What I’ve tried to do in this book is present the story of how furniture making fit into Fisher’s early 19th-century frontier life. The thing is, we not only have the tools and furniture to study, but we have access to his most candid moments in his letters and journal entries. We get to see what made him tick – something almost never possible for a pre-industrial artisan. So, even though this book is all about Fisher’s tools and furniture, I’ve decided to weave the context of his life into each chapter. Seeing this context deepens and enriches our understanding of his work.
Jonathan Fisher’s life was far from easy. He dealt with migraine headaches, stomach pains, diarrhea and serious injuries from manual labor on a regular basis. Even in the midst of debilitating physical pain, Fisher carried on with the work at hand. On March 17, 1826, his journal reads, “High N.W. scattering clouds, cold. From 9 A.M. ‘till about 5 P.M. exercised with earache, some of the time severely. Tried first camphor on wool, then hot tobacco smoke, then had several drops of West Indian Rum dropped in. This in the first trial gave a little relief; in the second removed the severity of the pain. At intervals through the day planed out stuff for a common ruler, a pair of parallel rulers and modern dividers, finished the latter. A part of the time walked the room in great pain. It is easy to bear pain when we do not feel it, but when it is acute, then to bear it with patience is something.”

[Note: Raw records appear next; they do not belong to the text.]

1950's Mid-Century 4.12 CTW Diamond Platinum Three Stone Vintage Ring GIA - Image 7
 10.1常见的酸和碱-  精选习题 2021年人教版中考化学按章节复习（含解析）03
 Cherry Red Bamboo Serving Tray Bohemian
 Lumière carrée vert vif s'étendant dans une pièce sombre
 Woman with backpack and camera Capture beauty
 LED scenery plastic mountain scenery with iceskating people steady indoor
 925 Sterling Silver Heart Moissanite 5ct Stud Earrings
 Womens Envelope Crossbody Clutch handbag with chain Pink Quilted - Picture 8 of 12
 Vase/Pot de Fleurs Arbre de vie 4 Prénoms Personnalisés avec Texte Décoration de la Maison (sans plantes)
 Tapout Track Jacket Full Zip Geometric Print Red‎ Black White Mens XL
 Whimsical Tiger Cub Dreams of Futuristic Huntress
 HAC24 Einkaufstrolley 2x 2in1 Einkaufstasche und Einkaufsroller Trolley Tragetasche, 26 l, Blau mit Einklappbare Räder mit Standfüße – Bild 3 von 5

Unlike some other artisans in his day, Fisher viewed his time in his shop as a relief from the pressures of life. Fisher’s son, Josiah, recalled of his father, “All of his amusements (if they could be called such) and all his relaxations from study were of such a nature as to leave him free, in great measure, for those trains of thought which lifted him above the fatigues of earth. He could resort to the artist’s pencil and forget all of his perplexities… or indulge his mechanical taste at his bench or lathe. Thus, with his own hands, he made all the frames, sash, doors and wainscoting of his dwelling.” He found great satisfaction in working with his hands. On one occasion he wrote, “While my hands were occupied in needful labor, I was led to exclaim in heart, hands, what a blessing they are when employed aright.”
Jonathan Fisher was a fascinating artisan. I can’t wait to share this research with you. Because I’ve been focused on finishing the manuscript, I haven’t been able to blog much about it until now. If you’re curious, though, I have been leaking tidbits on Instagram here.
The past couple weeks, I’ve been sorting through thousands of photographs and writing captions. Even though having the photos helped guide the manuscript, I discovered during the writing process that sometimes I still didn’t have the exact shot I needed. Narayan Nayar warned me about this. Fortunately, I still have my camera and my key to the house so capturing what I need is not a problem.
I have just about all the photographs selected and am now finishing up their captions. After that, I’ll polish off Chris’ minor re-write recommendations. Good progress has been made and I expect to hand it off to Chris for his final edit by the end of the month.